E Tiago olhou para o céu azul e anuviado daquela tarde. As nuvens mostravam-se disformes aos meus olhos, mas o meu amigo sorriu e apontou:
- Ali, vejam, um par de algemas – e, de fato, agora havia um par de algemas flutuando a centenas de metros do chão. Pedro folheou o livro e leu:
- Algemas: o frio metal que as produz é menos gélido que o coração da besta que os cerca – e piscou, bobo – O que diabos isso quer dizer?
- Problemas, talvez? – arriscou Tiago, também sem entender.
- A besta que nos cerca... Snape, Filch? – Remo falou, em voz alta; estranhamente pálido.
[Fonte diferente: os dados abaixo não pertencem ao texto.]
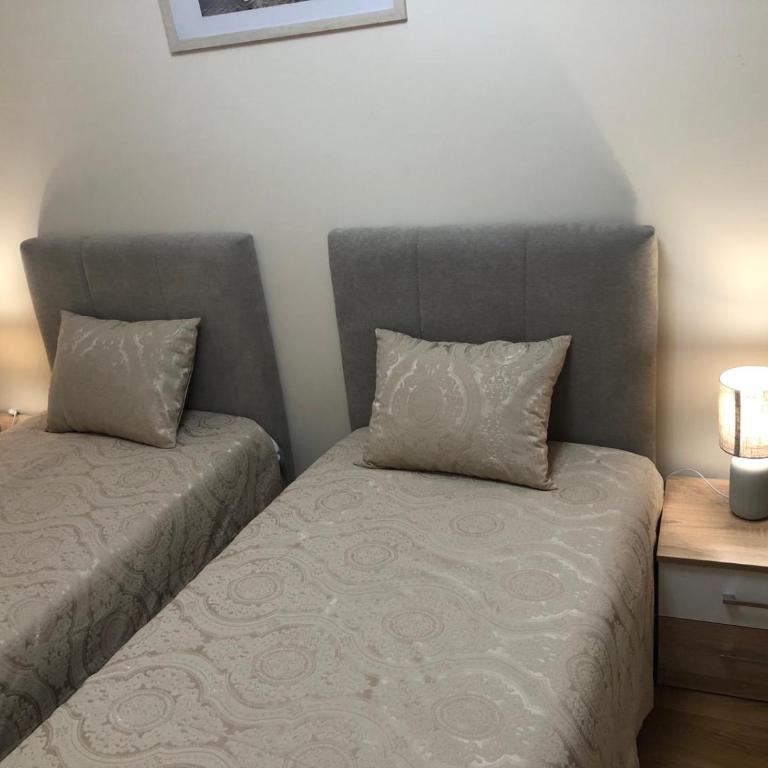 SunshineLiving, Bar - Two-Bedroom Apartment - 22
- Está se sentindo bem, Remo? – perguntei, mas o amigo acenou a cabeça dizendo que sim.
Chegara a vez de Lupin também consultar as nuvens e ele o fez, murmurando em seguida:
- Um-uma lua.
- Lua: o brilho lunar representa a revelação, em que a farsa vem à tona, embora se omita à luz do sol – li, embora, a cada palavra que lia, achasse que tudo aquilo fazia cada vez menos sentido.
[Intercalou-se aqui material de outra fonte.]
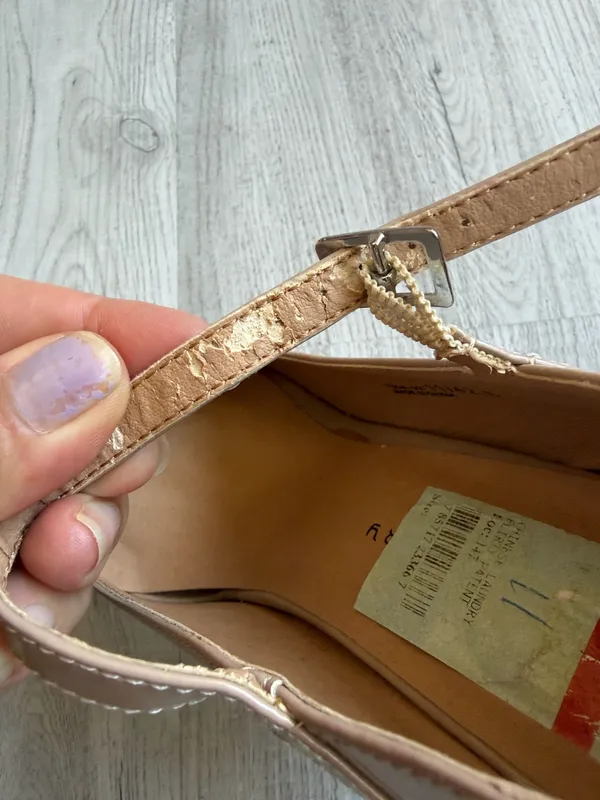 Chinese Laundry Nude Patent Mary Jane Pumps Classic Heels - Image 8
- Acho que essas coisas estão interligadas, se querem saber – Tiago concluiu, depois de um minuto de silêncio, tomando o livro de minhas mãos – Baú, algemas e lua. Em síntese, há algo realmente ruim ao nosso redor que há de ser revelado e a tal revelação está a nosso alcance.
- Remo, você não quer ir ao hospital, quer? – ouvi Pedro perguntar a Remo Lupin, que estava pálido e suando demasiadamente.
- O que está acontecendo? – falei, aproximando-me de um lívido Remo.
E no instante seguinte, sem nenhuma cerimônia, Lupin vomitou nas minhas pernas. Depois, pareceu se engasgar com alguma coisa, tossindo alto e forte. Mas então tudo parou e ele achava-se deitado na grama que circundava o lago, dizendo baixinho:
- Me desculpem... Sirius, me desculpe.
- Remo... o que houve? – Tiago falou, tentando parecer calmo e encarando o amigo nos olhos – Conte conosco. Fale o que está sentindo.
- Eu... eu estou... eu sou... – mas o garoto voltou a ter um ataque de tosse.
- Calma, calma... Fale, vamos – Pedro incentivava, aproximando-se de Remo assim como eu e Tiago nos aproximamos.
- Não estou me sentindo bem – Remo confessou, ainda deitado no chão – Levem-me para...
- Vamos nos afastar um pouco para deixar um espaço maior para ele respirar – sugeri, e nós três nos afastamos, deixando um Remo doentio jogado ao chão.
E foi neste instante que eu vi algo muito estranho no meu amigo, ali, no chão gramado. As vestes de Hogwarts que ele vestia estavam sujas de seu vômito, amassadas e alguns botões de sua camisa social branca encontravam-se abertos. Ali, perto do seu umbigo, destacando-se na pela branca do garoto, havia grandes e profundas cicatrizes.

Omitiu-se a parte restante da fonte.